We have developed a model where a longitudinal process can be incorporated in a logistic regression model to predict a cross-sectional binary outcome. The transition rates that characterize this longitudinal process act as predictors of the main outcome and can be jointly modeled with other non-dynamic covariates. This model could be applied to diverse public health problems; for instance, it could incorporate longitudinal electroencephalogram data to predict episodes of epilepsy in subjects with seizures, or glucose monitoring data to predict the risk of kidney failure in patients with diabetes.

Appendix.

The Broyden-Fletcher-Goldfarb-Shanno (BFGS) algorithm is an iterative method to solve unconstrained nonlinear optimization problems that approximates Newton's method. Unlike Newton's method, the BFGS does not require the calculation of second derivatives. The algorithm is briefly described below.

Let f:ℝⁿ → ℝ be a convex, twice-differentiable function to optimize. Denote the gradient of f at a current point x_k by ∇f_k, and the Hessian matrix or matrix of second partial derivatives by H_k, symmetric and positive definite. For any point x define, p = x–x_k. The second order Taylor expansion around x_k is given by

$$m_k\left(\mathbf{p}\right)=f_k+{\mathbf{p}}^T\nabla f_k+\frac{1}{2}{\mathbf{p}}^T{\mathbf{H}}_k\mathbf{p}$$

and defines a quadratic model. The gradient of m_k(p) with respect to x is ∇m_k(p) = ∇f_k + H_kp, and it is minimized at ${\mathbf{p}}_k=-{\mathbf{H}}_k^{-1}\nabla f_k.$

Let ${\mathbf{H}}_k^{-1}={\mathbf{B}}_k$. The BFGS algorithm can be described as follows:

1. Obtain a direction p_k by solving p_k = −B_k∇f_k.
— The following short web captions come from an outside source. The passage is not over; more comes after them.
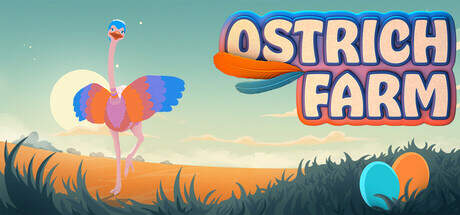 Ostrich Farm-TENOKE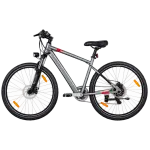 Kravo C8 - Premium Urban Electric Cycle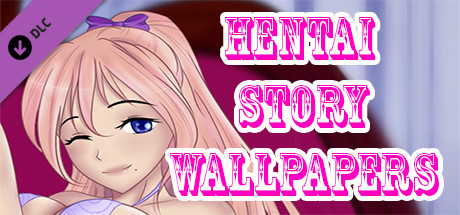 Купить ключ дешево Hentai Story. Wallpapers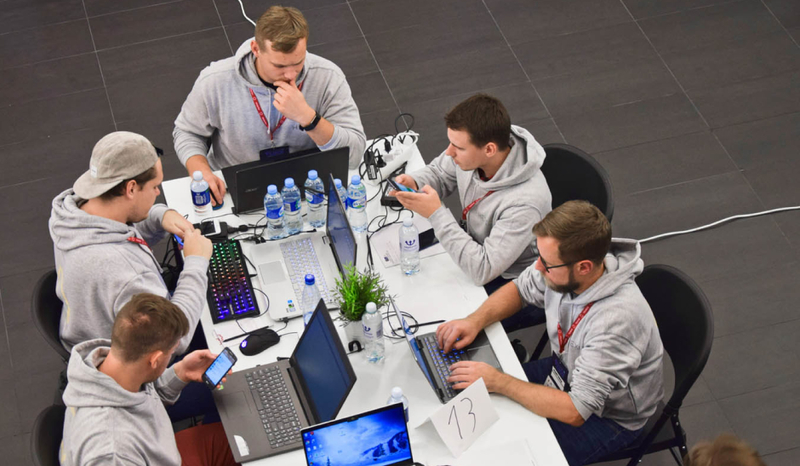 Hack4Vilnius invites to create innovations for Vilnius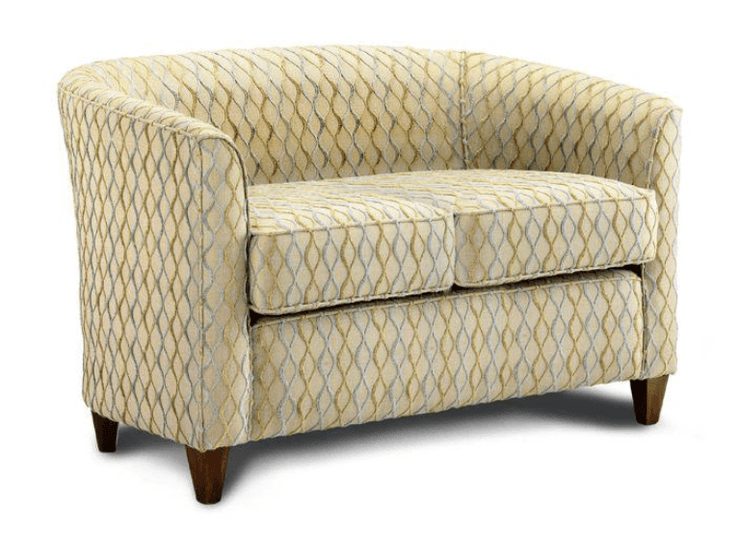 Ashmore 2-Seater Sofa - Kubek Furniture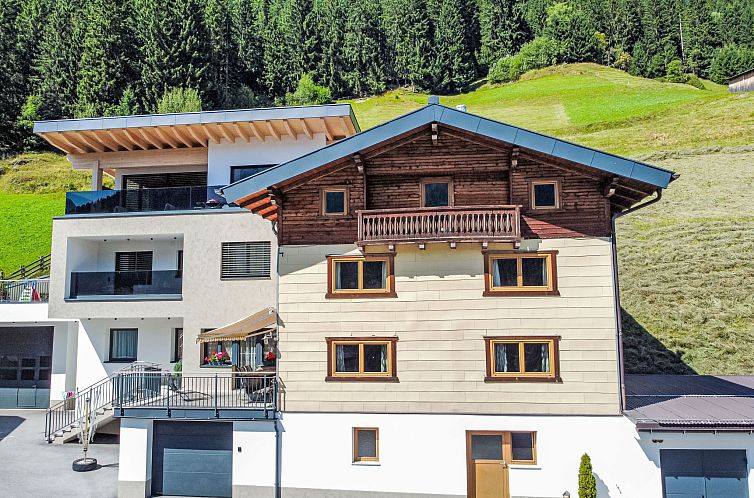 Unterkunft 11642102 - Appartement Tirol - Appartement Jäger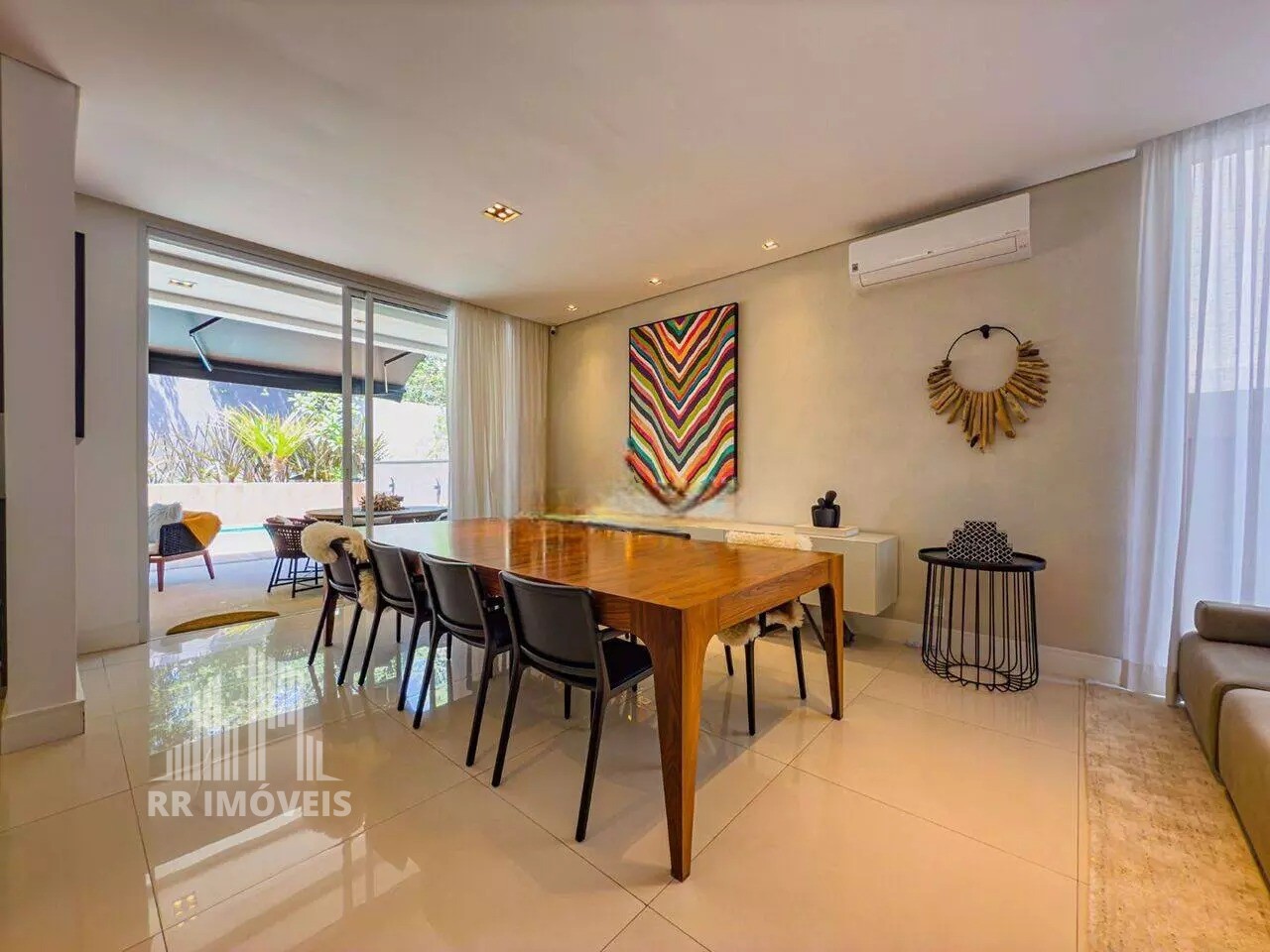 Casa, 4 quartos, 298 m² - Foto 4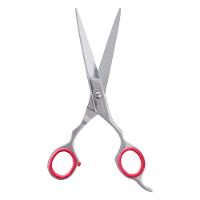 Tesoura Red Circle Vertix - 2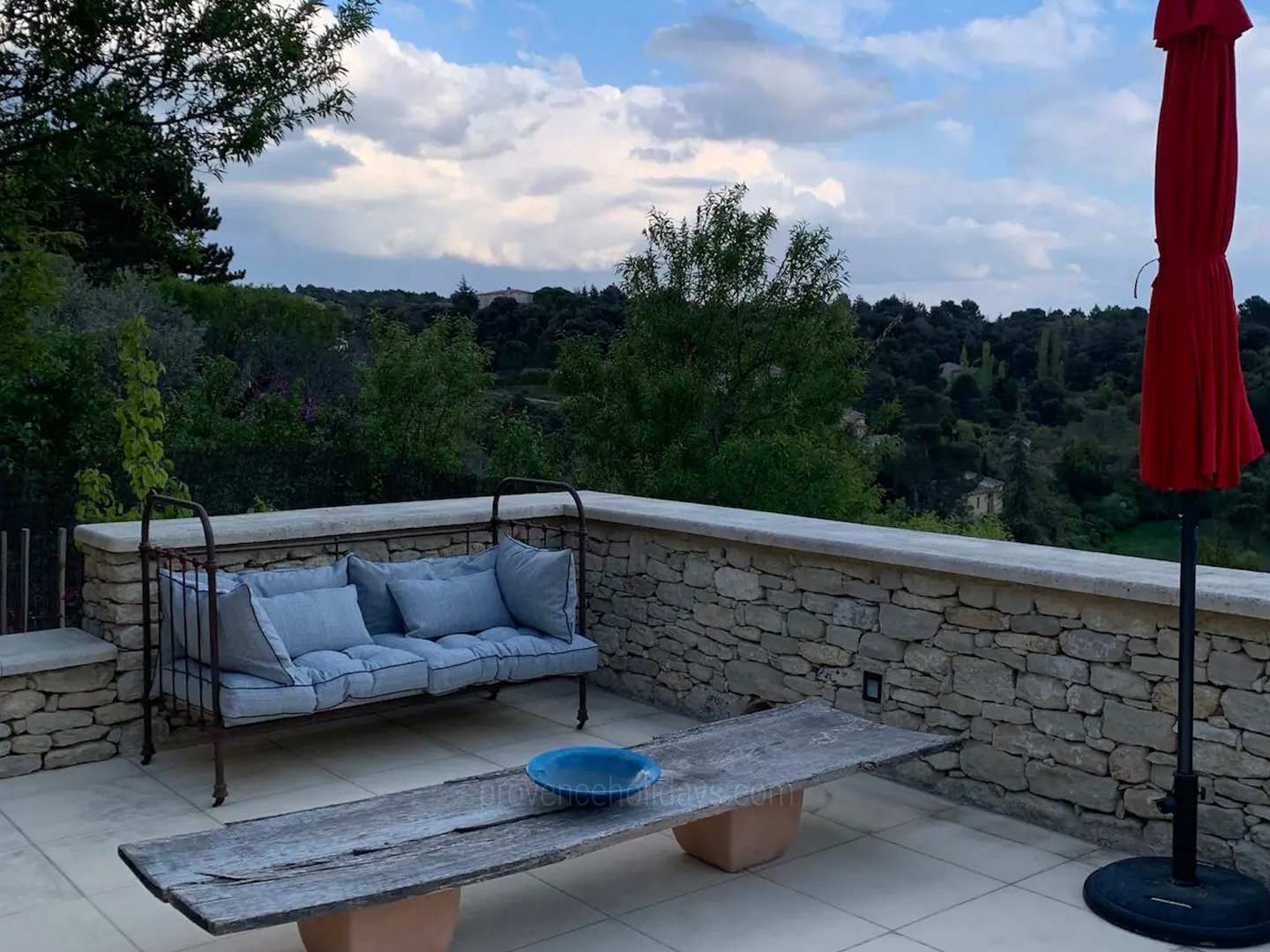 36 - Le Petit Paradis: Villa: Exterior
2. Perform a line search in the direction of p_k to find some α ∈ (0,∞) and then update x_k#x0002B;1 = x_k + α_kp_k. The step length α_k is required to satisfy certain conditions to guarantee convergence.
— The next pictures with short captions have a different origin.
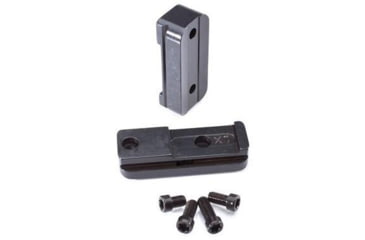 Image of Talley Stainless Steel Base for Ruger 10/22 SS252707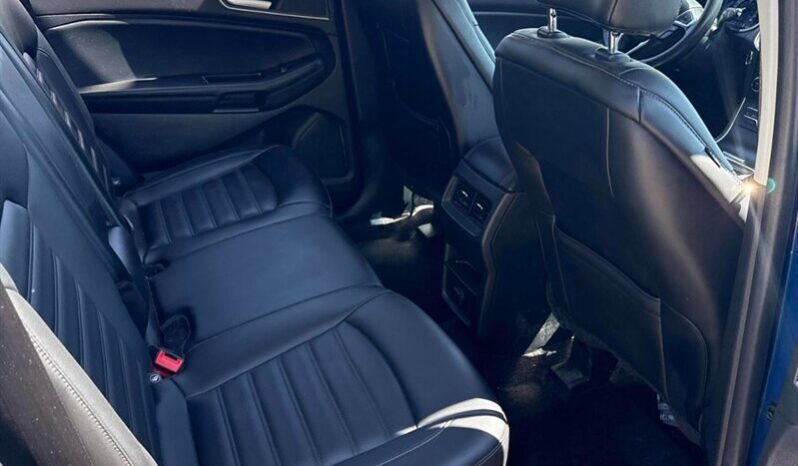 
								2020 Ford Edge SEL AWD full									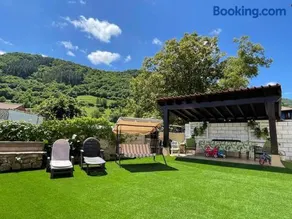 El Corro, acogedora casa con jardín en el corazón de Cantabria - Image 1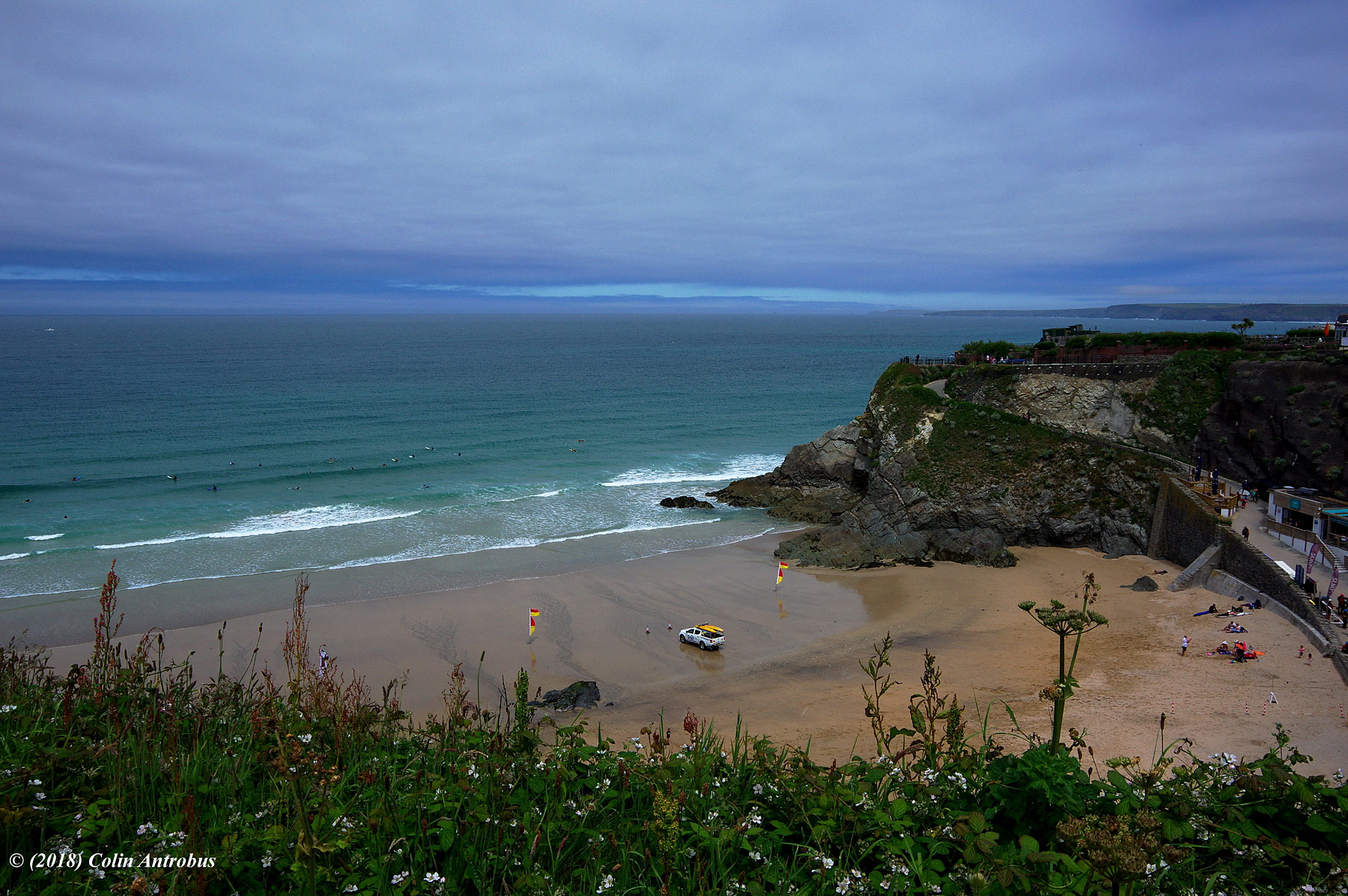 Newquay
3. Define s_k = x_k+1–x_k = α_kP_k and y_k = ∇f_k#+1–∇f_k.

4. Compute

   $${\mathbf{B}}_{k+1}=\left(\mathbf{I}-{\rho }_k{\mathbf{s}}_k{\mathbf{y}}_k^T\right){\mathbf{B}}_k\left(\mathbf{I}-{\rho }_k{\mathbf{y}}_k{\mathbf{s}}_k^T\right)+{\rho }_k{\mathbf{s}}_k{\mathbf{s}}_k^T\text{where}{\rho }_k=\frac{1}{{\mathbf{y}}_k^T{\mathbf{s}}_k}.$$ (A.1)
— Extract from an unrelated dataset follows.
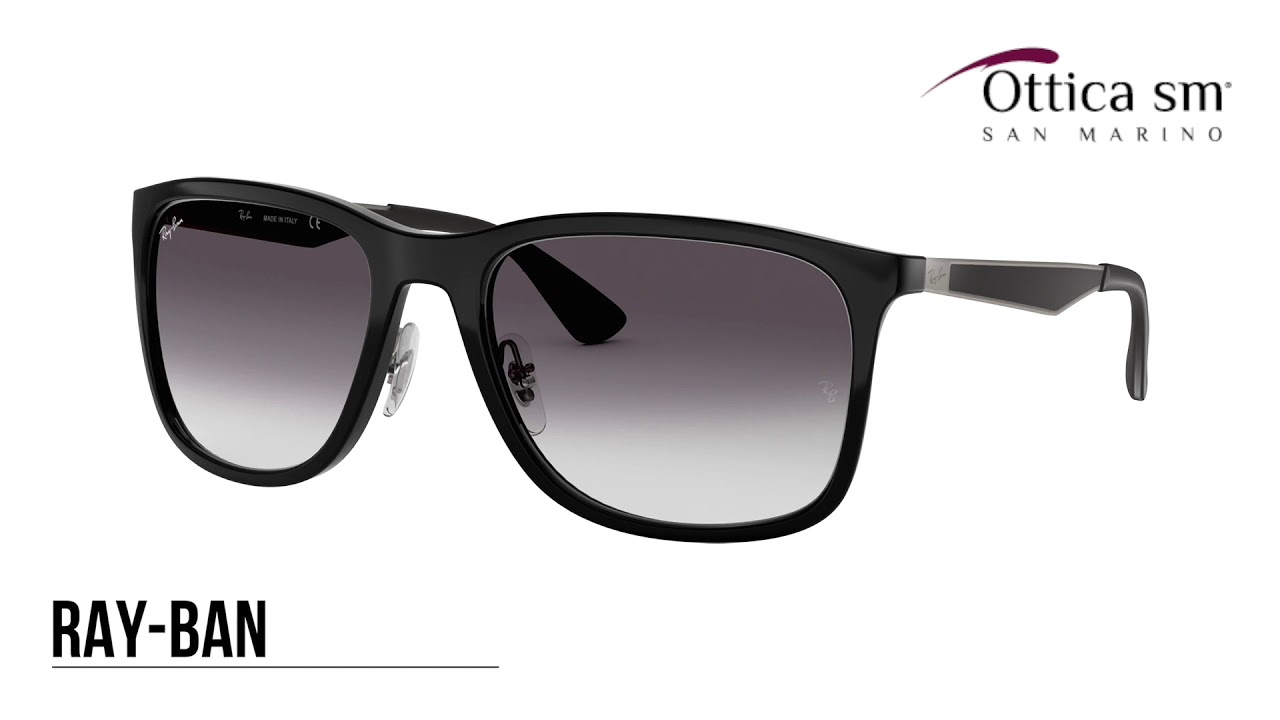 Ray Ban RB 4313 6018G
   This is the solution to the matrix minimization problem, ${\mathbf{B}}_{k+1}=\underset{\mathbf{B}}{arg\; min}{\Vert \mathbf{B}-{\mathbf{B}}_k\Vert }_{\mathbf{W}}$ subject to B = B^T, By_k = s_k, where ${\Vert \mathbf{B}-{\mathbf{B}}_k\Vert }_W={\Vert {\mathbf{W}}^{\frac{1}{2}}(\mathbf{B}-{\mathbf{B}}_k){\mathbf{W}}^{\frac{1}{2}}\Vert }_F={\Vert \mathbf{C}\Vert }_F=\sqrt{\sum _{i=0}^n\sum _{j=0}^n{c}_{ij}^2}$ and W is the inverse ${\overline{G}}_k^{-1}$ of the average Hessian, ${\overline{G}}_k=\underset{0}{\overset{1}{\int }}{\nabla }^{2}f({\mathbf{x}}_k+\tau {\alpha }_k{\mathbf{p}}_k)d\tau$.

The initial value for the inverse of the Hessian matrix, B₀, can be selected as a scalar multiple of the identity matrix or a finite difference approximation at x₀, for instance. Convergence is achieved when the norm of the gradient |∇f(x_k)|<∈, where ∈>0.